## Work to complete:
Of the entries below, restate word for word only the section that runs from the line with "Lee Cooper - Completo" to the line with "STEAUA BUCURESTI VS", counting both ends.

## Input material:
━━━━━━━━━━━━━━━━━━━━━━━━━━━━━━
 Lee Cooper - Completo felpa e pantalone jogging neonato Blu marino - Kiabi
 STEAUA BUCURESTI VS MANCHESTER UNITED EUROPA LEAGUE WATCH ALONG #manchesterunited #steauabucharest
━━━━━━━━━━━━━━━━━━━━━━━━━━━━━━
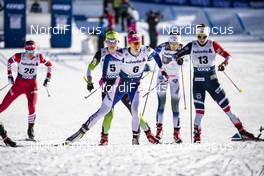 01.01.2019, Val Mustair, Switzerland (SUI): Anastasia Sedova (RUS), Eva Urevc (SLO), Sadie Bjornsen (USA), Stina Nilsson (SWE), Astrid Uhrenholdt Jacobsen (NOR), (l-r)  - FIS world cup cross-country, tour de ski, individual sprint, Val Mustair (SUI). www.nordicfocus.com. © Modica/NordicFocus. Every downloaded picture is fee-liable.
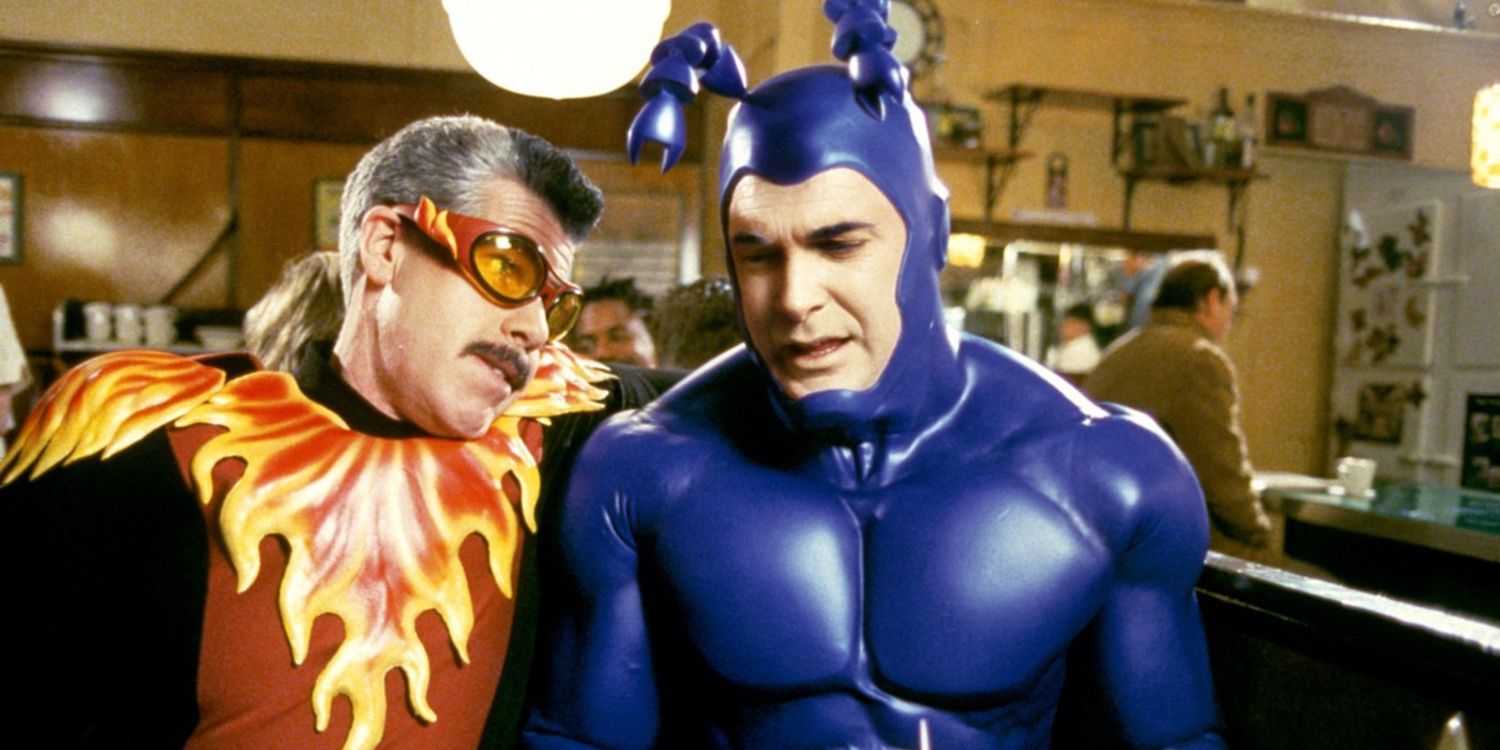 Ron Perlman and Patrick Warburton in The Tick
━━━━━━━━━━━━━━━━━━━━━━━━━━━━━━
## The answer:
 Lee Cooper - Completo felpa e pantalone jogging neonato Blu marino - Kiabi
 STEAUA BUCURESTI VS MANCHESTER UNITED EUROPA LEAGUE WATCH ALONG #manchesterunited #steauabucharest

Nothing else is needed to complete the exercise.